Une réalité qu’il a défendue avec aplomb lors du Tournoi des quatre nations présenté à Montréal l’an dernier.
Lors de la cérémonie d’avant-match, l’ambiance était tout simplement électrique. Les ovations s’enchaînaient, la foule vibrait, et les légendes du hockey étaient présentes, dont Mario Lemieux. Mais dans les écouteurs de Michel Lacroix, le message de la production de la Ligue nationale de hockey était clair : il fallait accélérer, aller de l’avant, passer à la suite.
Or, pour celui qui anime le Centre Bell depuis tant d’années, ce moment ne se chronomètre pas. Il se ressent.
Plutôt que d’obéir machinalement, Michel Lacroix a choisi de faire confiance à son instinct. Il a calmement répondu au producteur de la ligue que ce lieu, ce public et cette énergie, il les connaissait. Que le moment n’était pas encore terminé. Que ce serait lui qui dirait quand avancer.
"j'ai tout simplement répondu au producteur qui était de la Ligue nationale, j'ai dit « It's my building, it's my people, I'll tell you when. » "
Un geste simple, mais lourd de sens. Lacroix savait que forcer la cadence aurait brisé la magie. Il savait aussi que la foule finirait par se déposer d’elle-même, naturellement, sans qu’on ait à la brusquer.

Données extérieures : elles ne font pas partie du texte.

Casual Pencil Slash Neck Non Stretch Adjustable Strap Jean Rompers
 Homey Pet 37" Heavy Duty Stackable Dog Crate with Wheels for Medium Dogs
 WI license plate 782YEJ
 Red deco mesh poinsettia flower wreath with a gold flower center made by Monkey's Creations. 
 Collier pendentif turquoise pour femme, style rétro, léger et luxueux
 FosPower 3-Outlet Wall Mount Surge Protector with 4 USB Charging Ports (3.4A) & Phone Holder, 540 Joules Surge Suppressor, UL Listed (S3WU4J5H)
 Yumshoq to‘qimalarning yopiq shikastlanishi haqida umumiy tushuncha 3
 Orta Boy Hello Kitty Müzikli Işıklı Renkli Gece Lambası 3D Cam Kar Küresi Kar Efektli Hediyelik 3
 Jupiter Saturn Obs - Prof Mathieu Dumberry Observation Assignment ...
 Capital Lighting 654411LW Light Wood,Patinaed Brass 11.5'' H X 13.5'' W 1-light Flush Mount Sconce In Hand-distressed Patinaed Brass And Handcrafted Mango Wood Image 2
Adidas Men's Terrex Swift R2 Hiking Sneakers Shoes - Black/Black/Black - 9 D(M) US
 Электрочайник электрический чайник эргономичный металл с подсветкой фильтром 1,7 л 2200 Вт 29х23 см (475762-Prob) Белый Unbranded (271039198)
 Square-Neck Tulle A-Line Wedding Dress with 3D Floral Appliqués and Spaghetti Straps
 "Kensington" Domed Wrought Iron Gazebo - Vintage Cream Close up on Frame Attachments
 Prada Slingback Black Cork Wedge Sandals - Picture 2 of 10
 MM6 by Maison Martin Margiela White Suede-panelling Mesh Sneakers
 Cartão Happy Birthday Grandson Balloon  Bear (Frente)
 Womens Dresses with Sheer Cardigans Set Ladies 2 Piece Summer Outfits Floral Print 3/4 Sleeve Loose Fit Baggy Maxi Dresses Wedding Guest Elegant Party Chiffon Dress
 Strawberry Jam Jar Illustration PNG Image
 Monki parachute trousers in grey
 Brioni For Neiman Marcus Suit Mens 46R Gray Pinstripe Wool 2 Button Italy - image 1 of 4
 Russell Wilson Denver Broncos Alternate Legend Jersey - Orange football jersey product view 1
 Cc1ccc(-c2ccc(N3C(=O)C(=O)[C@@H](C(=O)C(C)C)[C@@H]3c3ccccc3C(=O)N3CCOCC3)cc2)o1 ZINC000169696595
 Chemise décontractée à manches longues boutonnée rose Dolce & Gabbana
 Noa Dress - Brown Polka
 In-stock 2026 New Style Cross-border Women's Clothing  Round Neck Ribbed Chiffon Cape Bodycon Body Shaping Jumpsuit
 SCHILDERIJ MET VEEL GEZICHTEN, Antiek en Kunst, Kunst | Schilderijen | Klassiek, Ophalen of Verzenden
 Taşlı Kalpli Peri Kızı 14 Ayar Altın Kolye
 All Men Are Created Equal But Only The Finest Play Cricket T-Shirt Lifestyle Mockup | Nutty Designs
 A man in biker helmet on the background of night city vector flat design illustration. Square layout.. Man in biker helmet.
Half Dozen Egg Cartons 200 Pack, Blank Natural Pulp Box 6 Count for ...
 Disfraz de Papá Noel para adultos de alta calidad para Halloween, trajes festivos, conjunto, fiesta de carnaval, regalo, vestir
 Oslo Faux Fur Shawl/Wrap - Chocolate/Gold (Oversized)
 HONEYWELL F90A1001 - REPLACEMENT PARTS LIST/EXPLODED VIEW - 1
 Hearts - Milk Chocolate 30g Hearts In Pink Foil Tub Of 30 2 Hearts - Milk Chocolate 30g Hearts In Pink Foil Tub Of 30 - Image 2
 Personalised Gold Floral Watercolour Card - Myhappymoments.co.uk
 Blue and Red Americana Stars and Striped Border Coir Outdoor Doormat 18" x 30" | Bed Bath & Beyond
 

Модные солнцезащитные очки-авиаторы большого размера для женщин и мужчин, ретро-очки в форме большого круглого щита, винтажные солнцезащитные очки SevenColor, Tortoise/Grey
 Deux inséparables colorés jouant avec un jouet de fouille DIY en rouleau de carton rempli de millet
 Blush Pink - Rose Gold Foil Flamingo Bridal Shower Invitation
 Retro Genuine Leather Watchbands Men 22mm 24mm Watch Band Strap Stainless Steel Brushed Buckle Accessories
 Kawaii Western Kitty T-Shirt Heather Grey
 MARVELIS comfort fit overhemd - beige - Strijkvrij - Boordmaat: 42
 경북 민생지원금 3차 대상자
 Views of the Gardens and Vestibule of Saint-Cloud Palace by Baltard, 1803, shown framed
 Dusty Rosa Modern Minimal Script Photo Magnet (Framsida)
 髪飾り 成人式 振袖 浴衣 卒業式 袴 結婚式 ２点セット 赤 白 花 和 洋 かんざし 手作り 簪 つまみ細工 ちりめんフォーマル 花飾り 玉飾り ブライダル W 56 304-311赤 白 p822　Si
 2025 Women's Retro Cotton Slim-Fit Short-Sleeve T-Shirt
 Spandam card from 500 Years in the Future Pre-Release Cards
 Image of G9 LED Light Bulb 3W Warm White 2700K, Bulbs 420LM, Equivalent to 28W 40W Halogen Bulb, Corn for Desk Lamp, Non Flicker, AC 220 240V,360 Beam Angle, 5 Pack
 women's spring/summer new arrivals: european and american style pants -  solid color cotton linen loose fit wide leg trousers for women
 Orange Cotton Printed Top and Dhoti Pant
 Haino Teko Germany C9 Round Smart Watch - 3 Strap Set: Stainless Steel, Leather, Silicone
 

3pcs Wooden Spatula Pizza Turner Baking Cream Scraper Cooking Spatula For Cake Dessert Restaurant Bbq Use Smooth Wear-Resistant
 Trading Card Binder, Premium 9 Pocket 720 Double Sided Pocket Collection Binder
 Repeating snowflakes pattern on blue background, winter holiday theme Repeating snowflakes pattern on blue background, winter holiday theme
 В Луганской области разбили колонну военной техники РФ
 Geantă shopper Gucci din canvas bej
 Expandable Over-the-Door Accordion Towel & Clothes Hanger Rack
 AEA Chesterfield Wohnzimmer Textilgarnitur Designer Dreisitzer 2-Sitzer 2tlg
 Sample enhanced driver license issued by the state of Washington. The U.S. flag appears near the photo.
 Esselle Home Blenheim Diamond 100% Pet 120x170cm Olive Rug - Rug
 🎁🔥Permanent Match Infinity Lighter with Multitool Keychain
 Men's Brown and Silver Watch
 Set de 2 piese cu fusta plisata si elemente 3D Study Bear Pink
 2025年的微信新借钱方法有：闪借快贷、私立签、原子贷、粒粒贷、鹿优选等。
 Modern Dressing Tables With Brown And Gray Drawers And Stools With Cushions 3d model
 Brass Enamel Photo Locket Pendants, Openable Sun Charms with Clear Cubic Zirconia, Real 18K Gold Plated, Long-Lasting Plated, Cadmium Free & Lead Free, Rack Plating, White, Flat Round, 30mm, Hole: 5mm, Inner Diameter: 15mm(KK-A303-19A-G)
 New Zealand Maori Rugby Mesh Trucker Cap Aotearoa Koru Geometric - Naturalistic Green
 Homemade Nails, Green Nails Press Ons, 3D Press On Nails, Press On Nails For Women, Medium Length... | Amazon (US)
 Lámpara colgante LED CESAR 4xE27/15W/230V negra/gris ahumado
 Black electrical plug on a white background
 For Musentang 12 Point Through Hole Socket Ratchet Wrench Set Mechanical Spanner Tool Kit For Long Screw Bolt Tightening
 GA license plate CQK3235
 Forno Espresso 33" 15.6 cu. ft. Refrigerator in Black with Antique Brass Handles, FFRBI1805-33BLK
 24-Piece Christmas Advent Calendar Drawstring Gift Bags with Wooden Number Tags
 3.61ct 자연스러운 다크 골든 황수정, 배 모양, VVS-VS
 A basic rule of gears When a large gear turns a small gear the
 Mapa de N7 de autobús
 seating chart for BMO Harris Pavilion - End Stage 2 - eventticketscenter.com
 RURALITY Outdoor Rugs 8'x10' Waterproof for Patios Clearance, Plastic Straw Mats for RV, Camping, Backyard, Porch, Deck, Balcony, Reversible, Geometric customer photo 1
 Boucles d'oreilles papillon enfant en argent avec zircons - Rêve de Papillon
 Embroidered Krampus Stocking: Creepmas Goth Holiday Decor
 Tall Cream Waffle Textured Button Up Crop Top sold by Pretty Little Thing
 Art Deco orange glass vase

La suite lui a donné raison. Lorsque le moment est venu de lancer les hymnes nationaux, tout s’est mis en place parfaitement, dans le respect des délais et du protocole. Sans chaos. Sans débordement. Juste avec cette transition fluide que seule une foule respectée peut offrir.
Ironiquement, après coup, des membres de la production sont revenus vers lui pour lui donner raison. La preuve que parfois, les règles générales doivent s’effacer devant la connaissance du terrain.
Cette anecdote illustre parfaitement ce que représente Michel Lacroix pour Montréal. Il n’est pas qu’un annonceur. Il est un gardien du tempo émotionnel, un intermédiaire entre la foule et le spectacle. Il sait quand pousser… et surtout quand laisser vivre.
Dans une ligue où tout est minuté, normé et calibré, il a rappelé une chose essentielle : au Centre Bell, l’émotion fait partie du jeu. Et parfois, il faut simplement l’écouter.